# The $cfg['PmaAbsoluteUri'] directive MUST be set [Solved]

## Ville_E

The $cfg['PmaAbsoluteUri'] directive MUST be set in your configuration file!

How to solve this? I get it when logging in to phpmyadmin after the update to

phpmyadmin-2.5.7_p1 never had it before.

In my /etc/phpmyadmin/config.inc.php

I have this

$cfg['PmaAbsoluteUri'] = '';

$cfg['PmaAbsoluteUri_DisableWarning'] = TRUE;

I have tried to set PmaAbsoluteUri to different values but nothing helps.

Anyone have any ideas?  :Question: Last edited by Ville_E on Fri Aug 13, 2004 2:17 pm; edited 1 time in total

----------

## Ville_E

*bump*

----------

## Nossie

Are you sure you are editing the right config file ?

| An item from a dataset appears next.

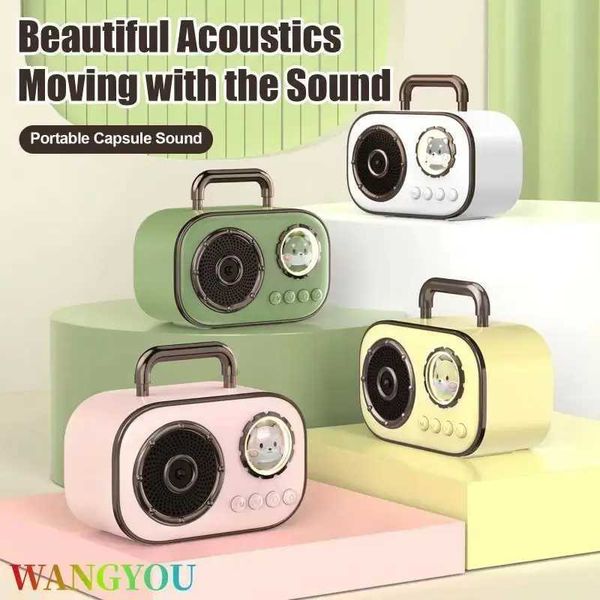 Retro Subwoofer Mini Wireless High Sound Quality Overweight Low High-End He Portable Speaker Z241029 -End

If you just  upgraded phpmyadmin, chances are that it is installed in /usr/share/webapp/phpmyadmin/ with symlinks to /var/www/localhost/htdocs/phpmyadmin/

You will need to edit the config file in /usr/share/webapp/phpmyadmin/

I don't know for sure this is the case (i can't check i right now).

----------

## Ville_E

Thanks that did the trick. I WAS editing the wrong config file. It worked when I did the changes in /var/www/localhost/htdocs/phpmyadmin/config.inc.php

instead of  /etc/phpmyadmin/config.inc.php. But why do I have that directory under /etc ? When I first installed phpmyadmin I just did an emerge phpmyadmin I haven't done any changes on my own?

----------